Stored items:
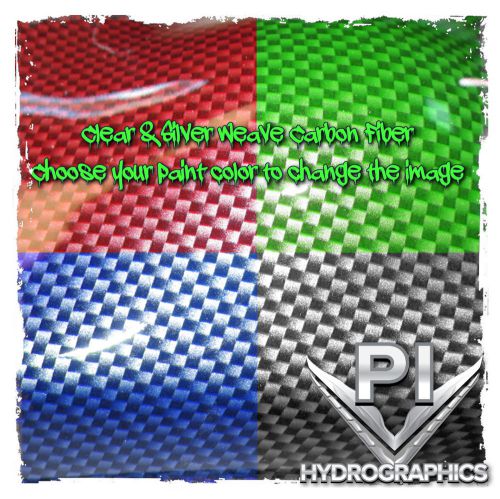 HYDROGRAPHIC FILM Water Transfer Hydro Dipping FILM BEST CARBON FIBER CF5621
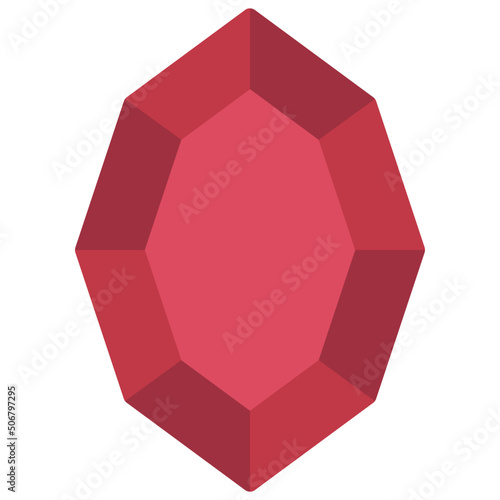 Gemstone Icon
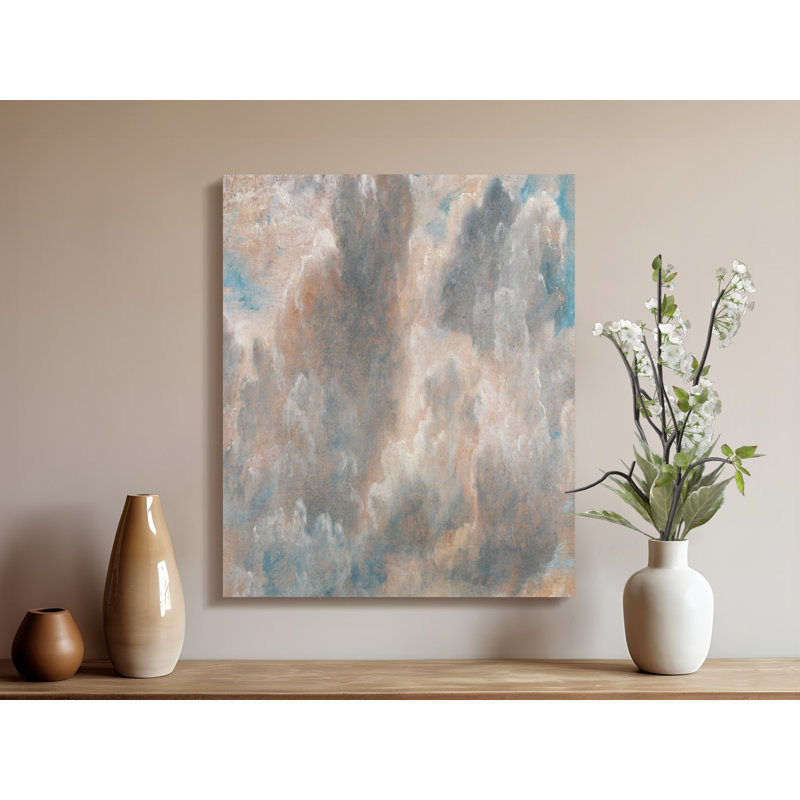 Wrapped Canvas Print Set, 20x24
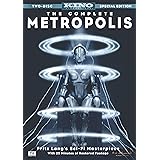 The Complete Metropolis
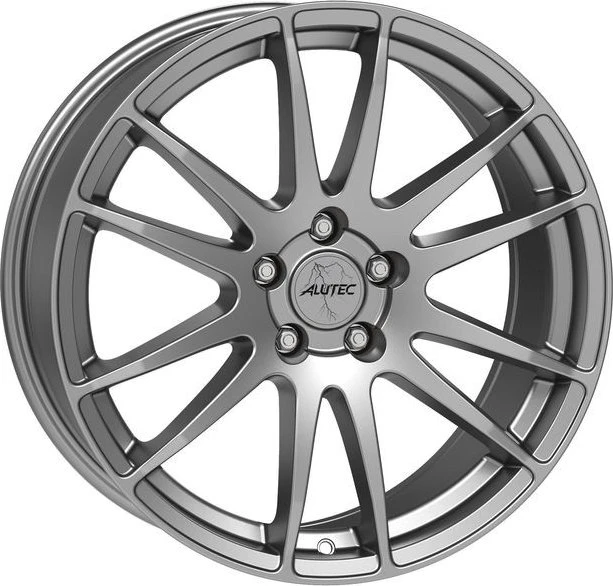 Alutec Monstr 6.5x16 5/114.3 ET50 (verschiedene Farben)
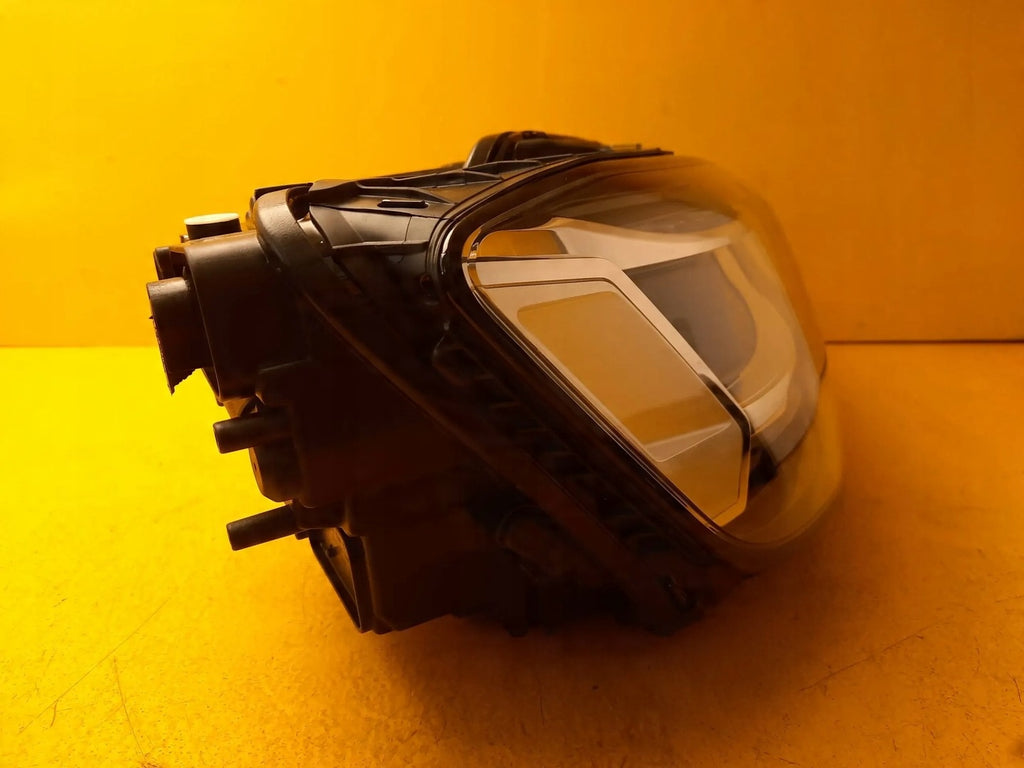 Frontscheinwerfer Audi A8 D5 4N0941036C LED Rechts Scheinwerfer Headlight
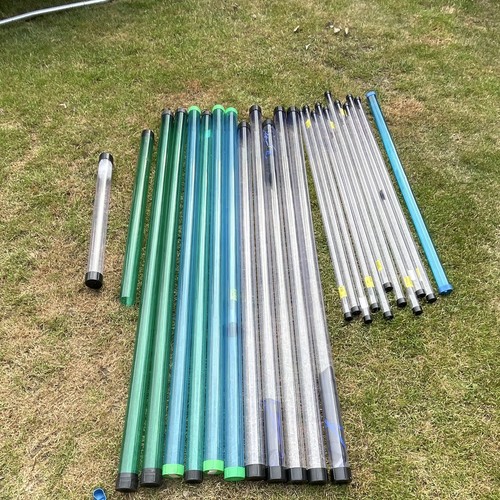 Preston fishing rod - preston,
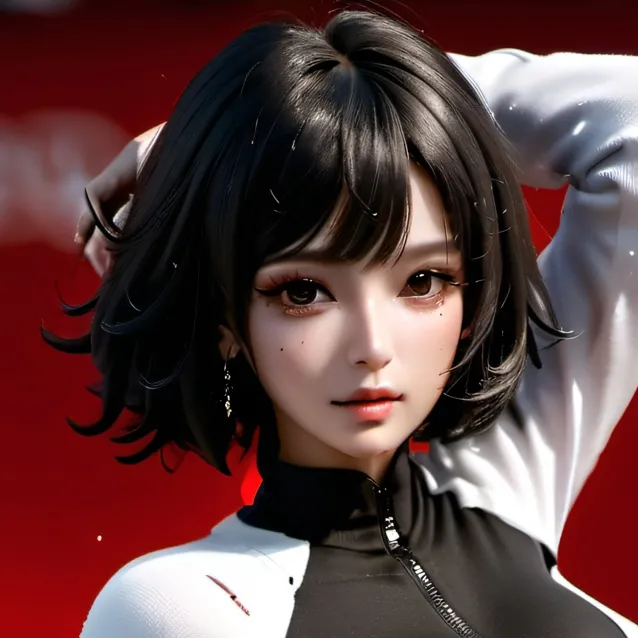 chat with ai character: Cabi (Sen. Adver.)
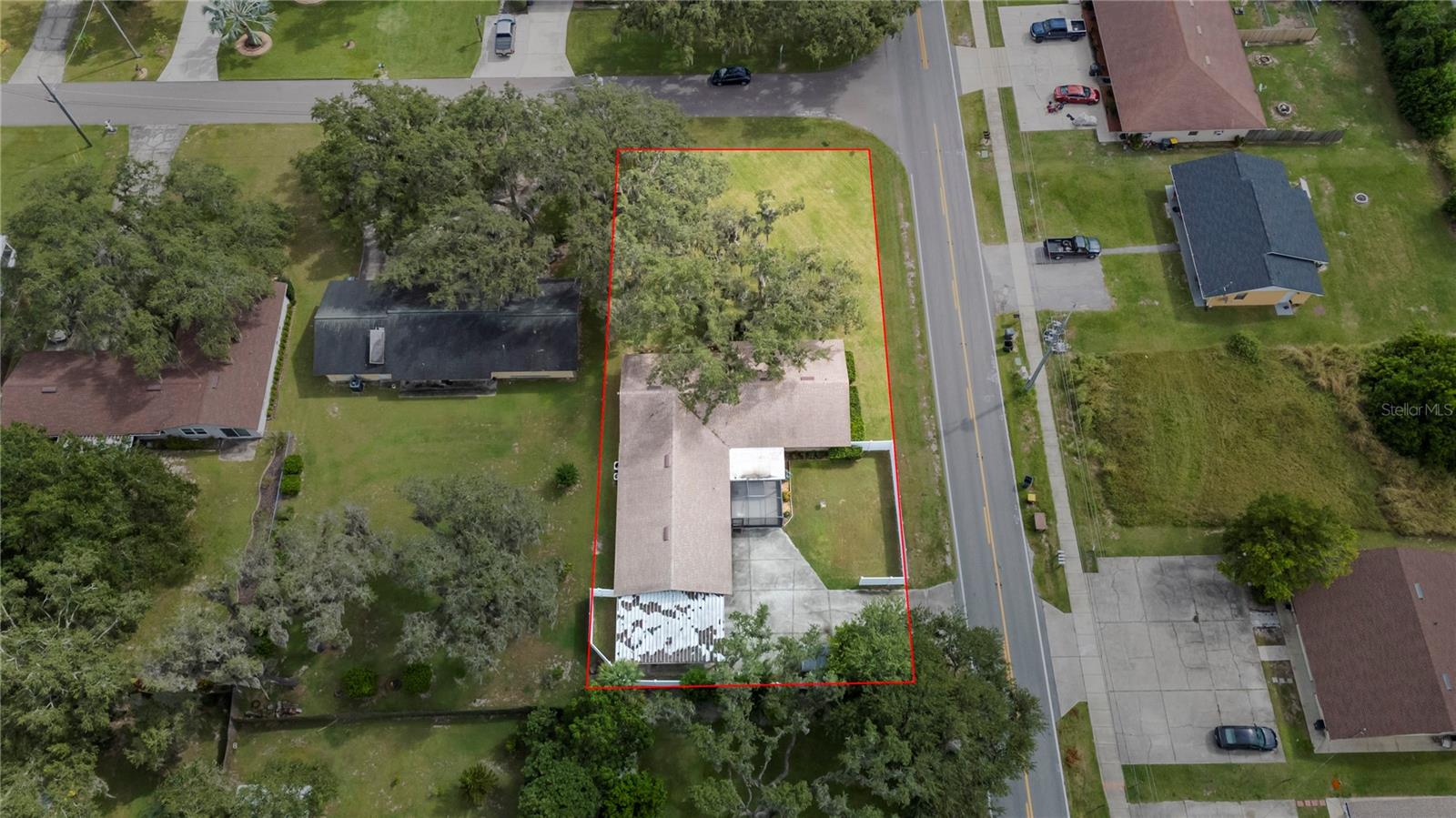 WHISTLER WOODS - Residential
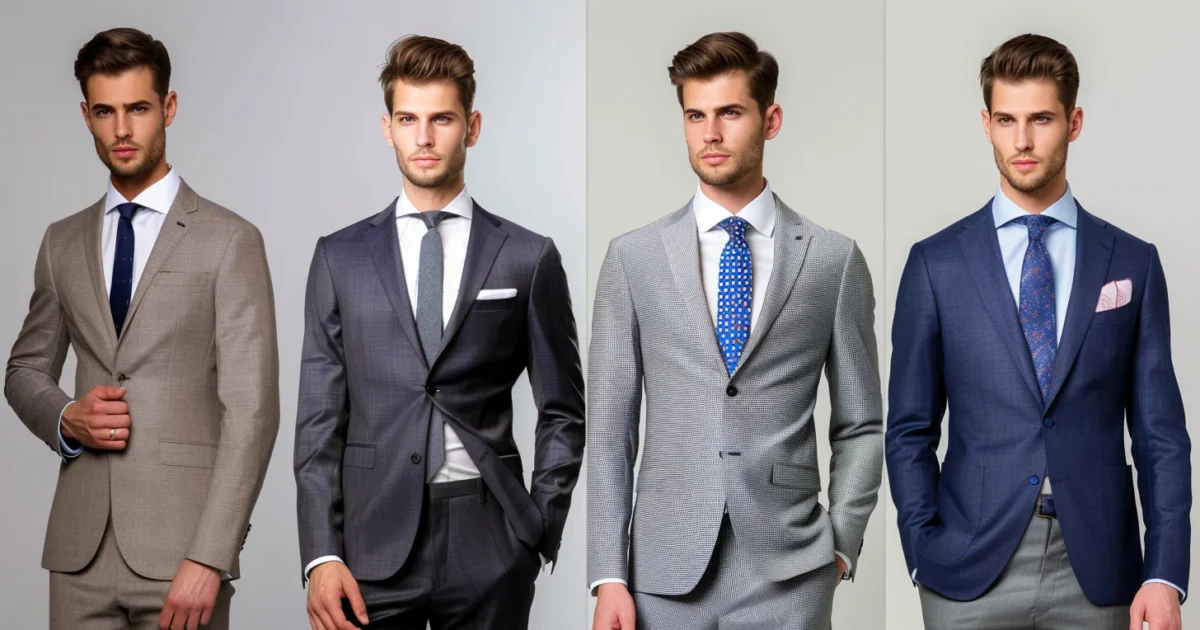 The Smart Wardrobe Guide for Job Interviews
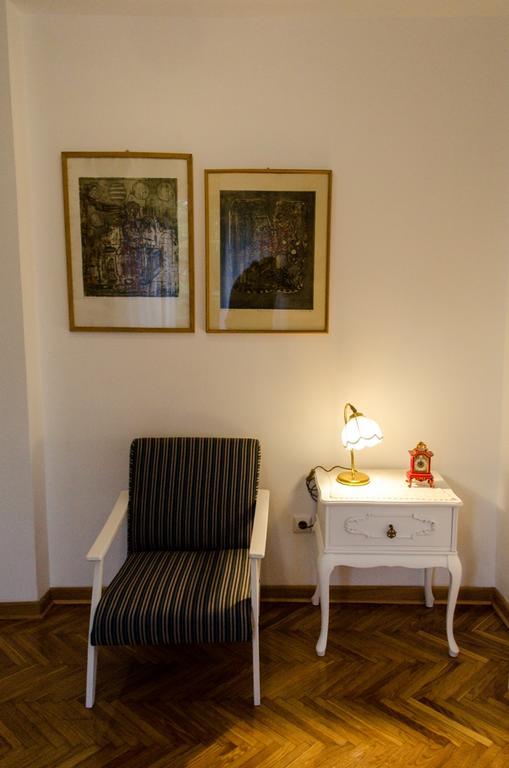 Apartmani15 Arandjelovac Dış mekan fotoğraf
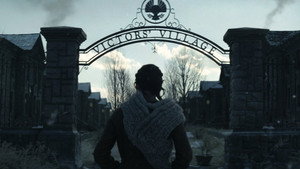 The Hunger Games: Catching Fire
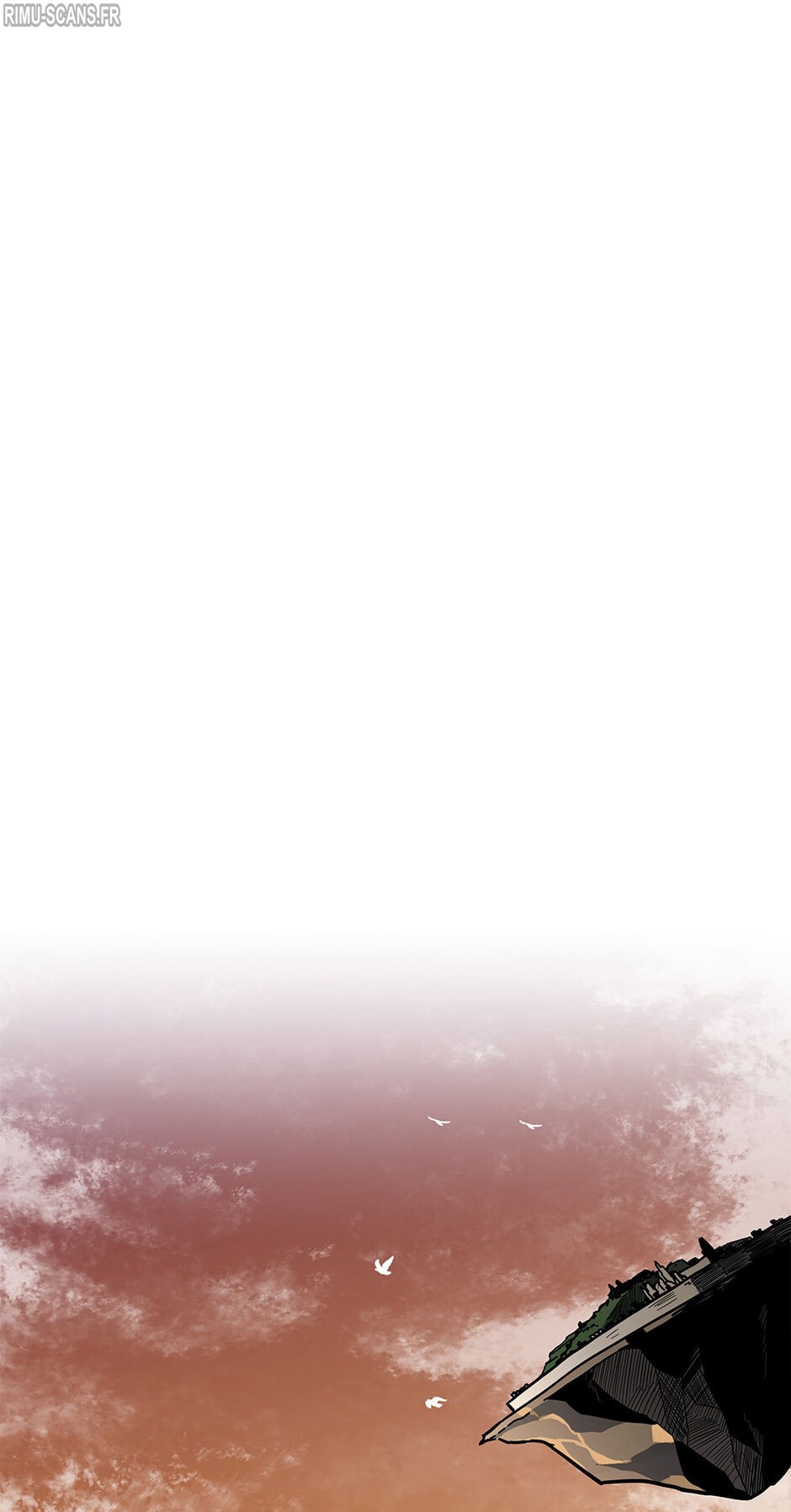 The Beginning After the End Chapitre 112 - Page 43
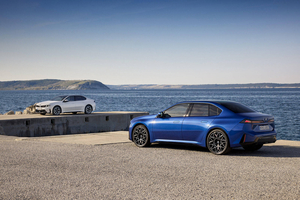 2026 BMW 3 Series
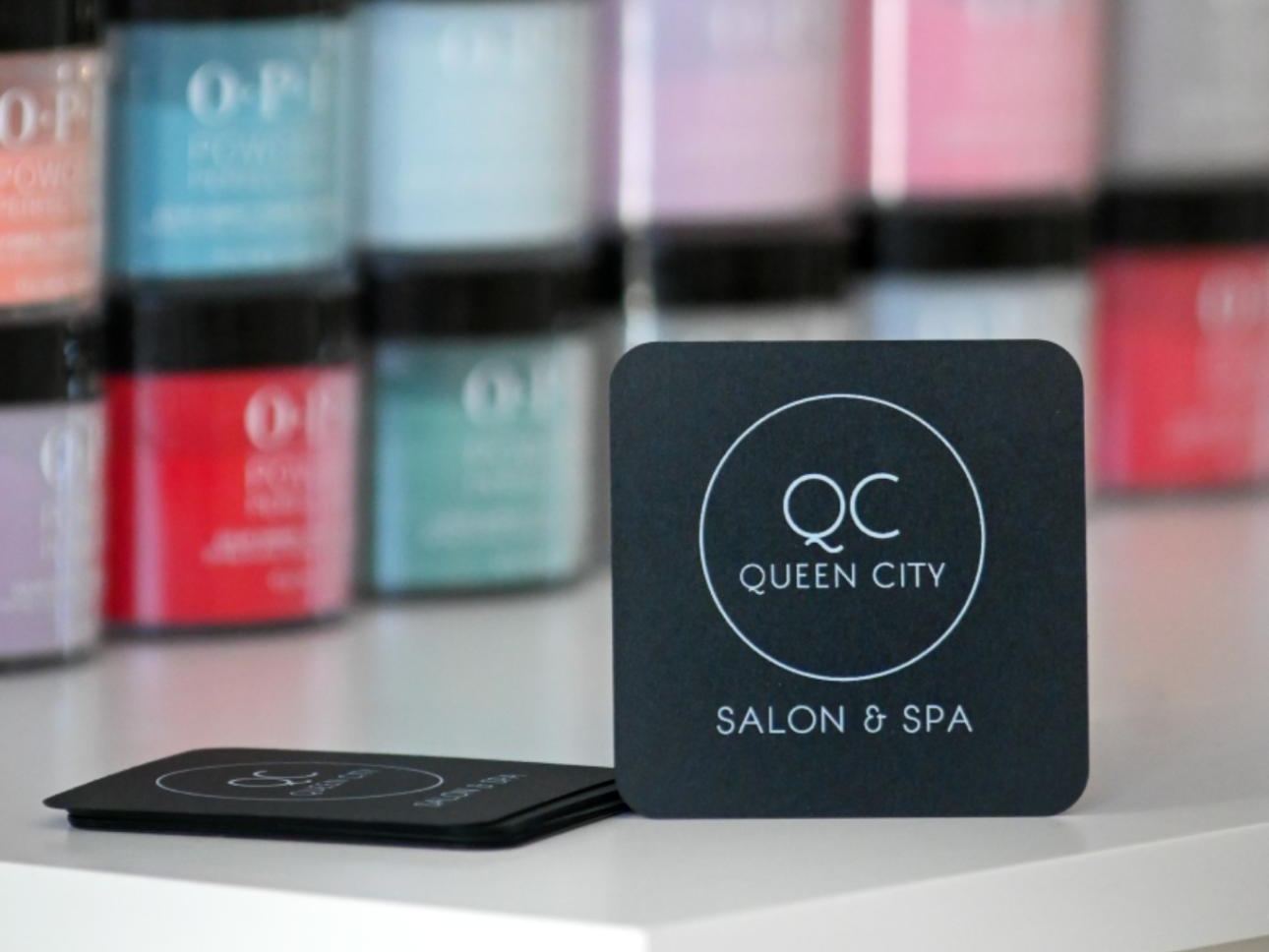 Nails, Nail Treatments, Nail Technician, Spray Tans, Tanning Salon, at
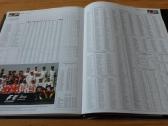 Formula 1 Yearbook 2008-2009 - nuotraukos Nr. 12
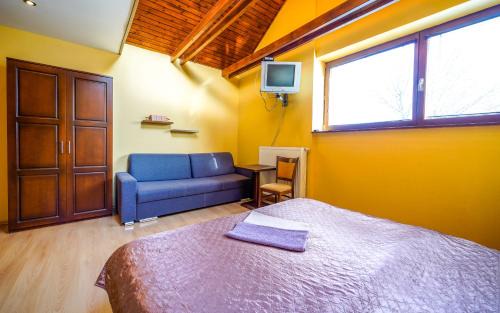 Pavcina Lehota Apartamento | Troika Penzión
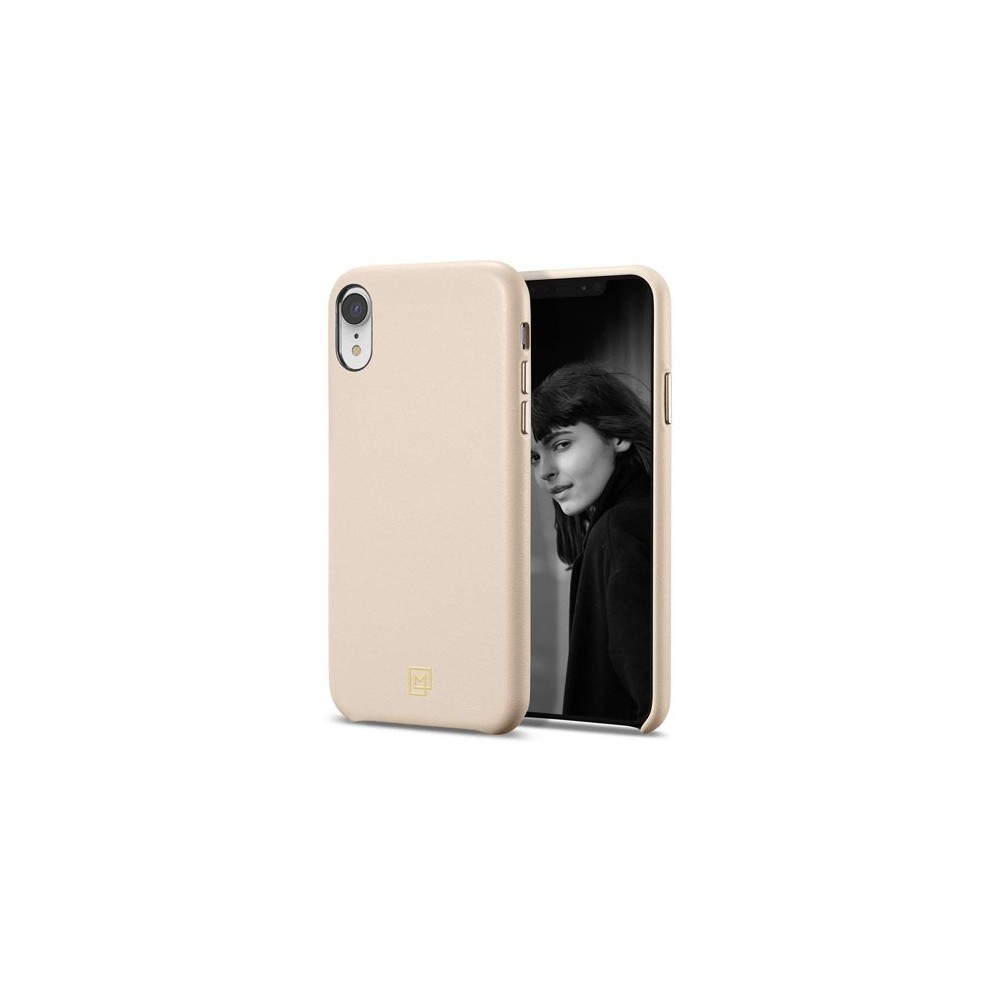 Spigen La Manon Calin iPhone Xr, Pale Pink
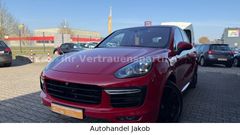 PORSCHE Cayenne/GTS/SonderModell/Carbon/Traumfahrzeug!!!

▸ **Brief**
When you reproduce the entries above, keep every word exactly and leave out each picture.

▸ **Result below**
 HYDROGRAPHIC FILM Water Transfer Hydro Dipping FILM BEST CARBON FIBER CF5621
 Gemstone Icon
 Wrapped Canvas Print Set, 20x24
 The Complete Metropolis
 Alutec Monstr 6.5x16 5/114.3 ET50 (verschiedene Farben)
 Frontscheinwerfer Audi A8 D5 4N0941036C LED Rechts Scheinwerfer Headlight
 Preston fishing rod - preston,
 chat with ai character: Cabi (Sen. Adver.)
 WHISTLER WOODS - Residential
 The Smart Wardrobe Guide for Job Interviews
 Apartmani15 Arandjelovac Dış mekan fotoğraf
 The Hunger Games: Catching Fire
 The Beginning After the End Chapitre 112 - Page 43
 2026 BMW 3 Series
 Nails, Nail Treatments, Nail Technician, Spray Tans, Tanning Salon, at
 Formula 1 Yearbook 2008-2009 - nuotraukos Nr. 12
 Pavcina Lehota Apartamento | Troika Penzión
 Spigen La Manon Calin iPhone Xr, Pale Pink
 PORSCHE Cayenne/GTS/SonderModell/Carbon/Traumfahrzeug!!!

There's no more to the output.